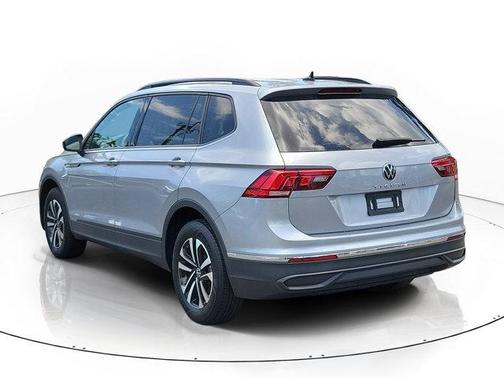 Pyrite Silver Metallic 2023 Volkswagen Tiguan 2.0T S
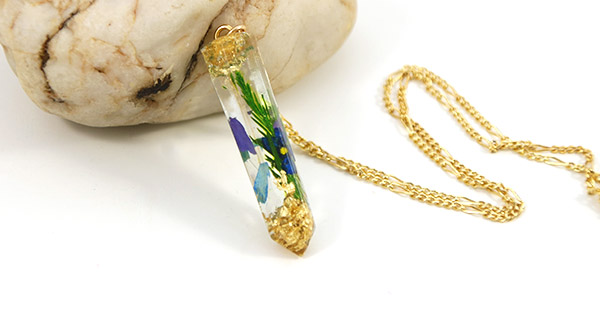 Collier Pendentif Vintage - Fleurs Séchées Sous Résine Couleur Or - Ancien Modèle 420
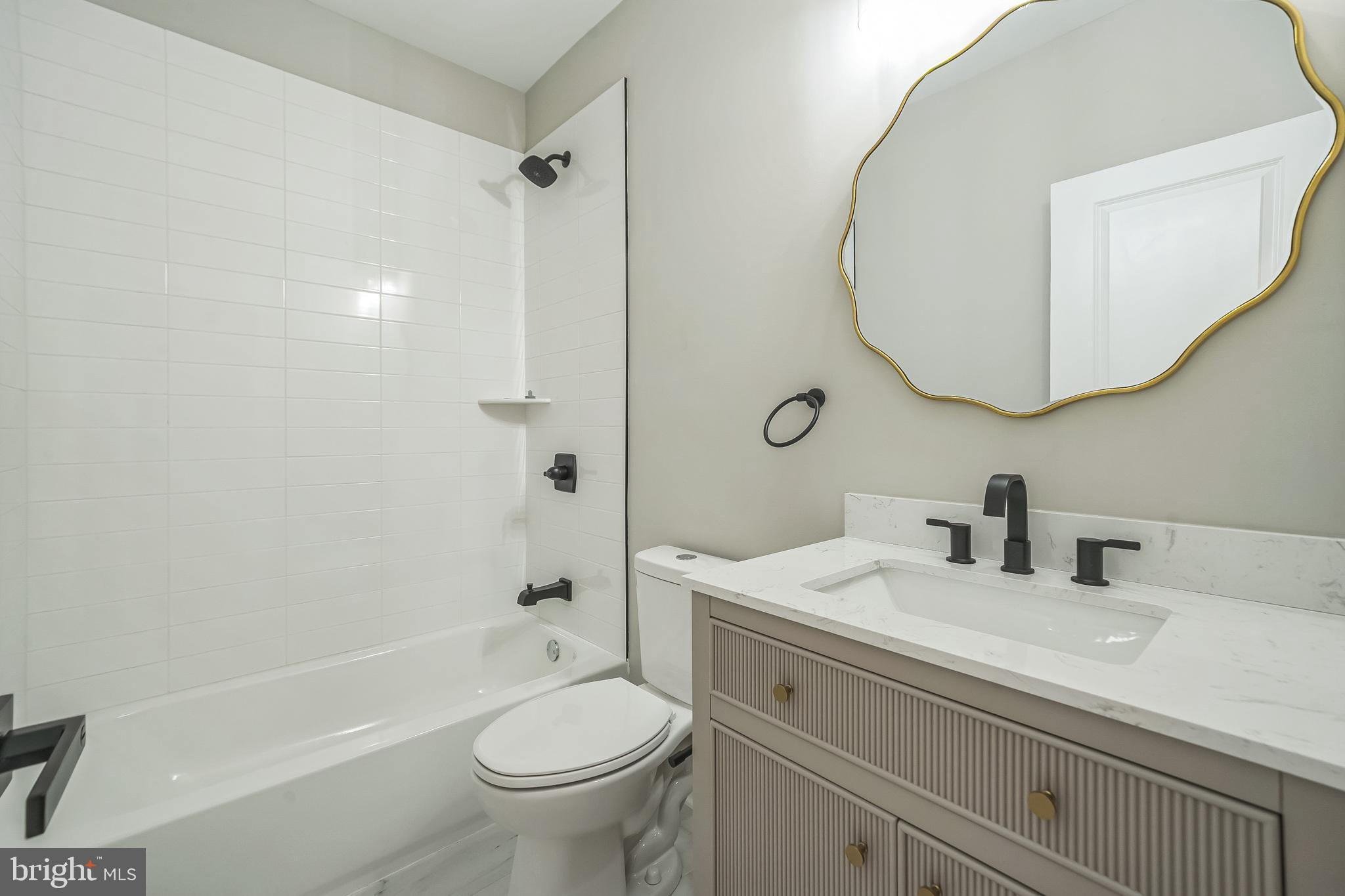 POINT BREEZE - Residential Lease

# [Your assignment]
Take the line with "Collier Pendentif Vintage" and each line after it through the end of the material above, and reproduce them exactly, without the pictures.

# [Response area]
 Collier Pendentif Vintage - Fleurs Séchées Sous Résine Couleur Or - Ancien Modèle 420
 POINT BREEZE - Residential Lease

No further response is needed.